● Task directions: Verbatim copy without images: return all of the data as it stands.

● Data shown:
=== Section Start ===

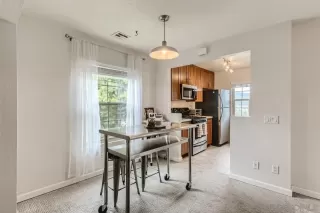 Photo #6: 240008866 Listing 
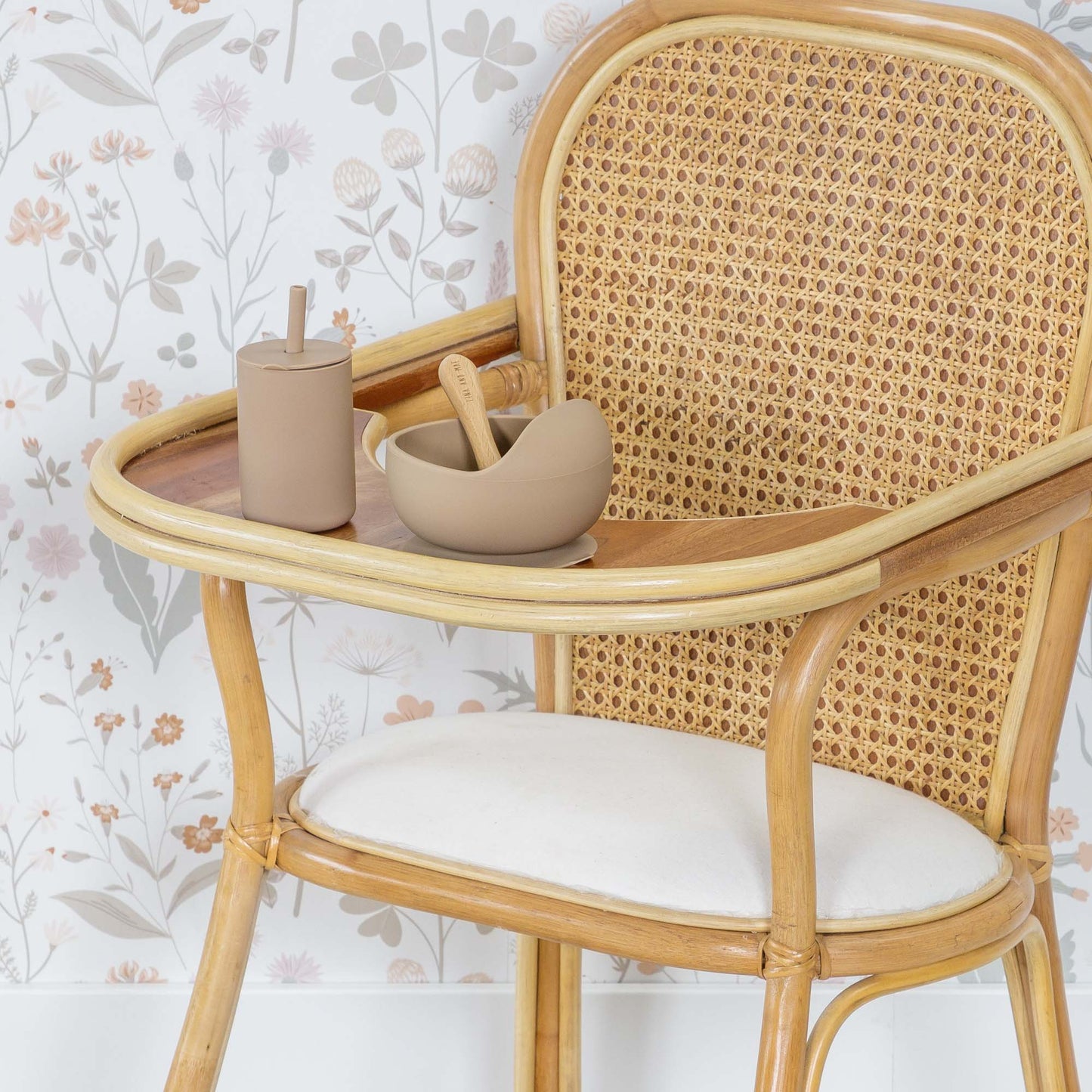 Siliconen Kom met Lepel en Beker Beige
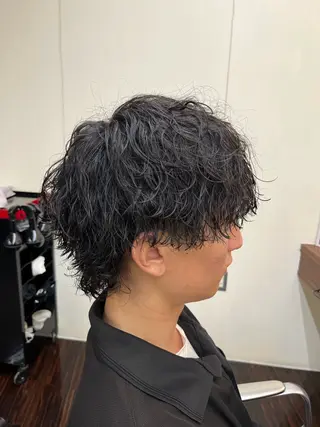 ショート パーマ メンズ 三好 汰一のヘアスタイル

=== Section End ===

● Output for this task:
 Photo #6: 240008866 Listing 
 Siliconen Kom met Lepel en Beker Beige
 ショート パーマ メンズ 三好 汰一のヘアスタイル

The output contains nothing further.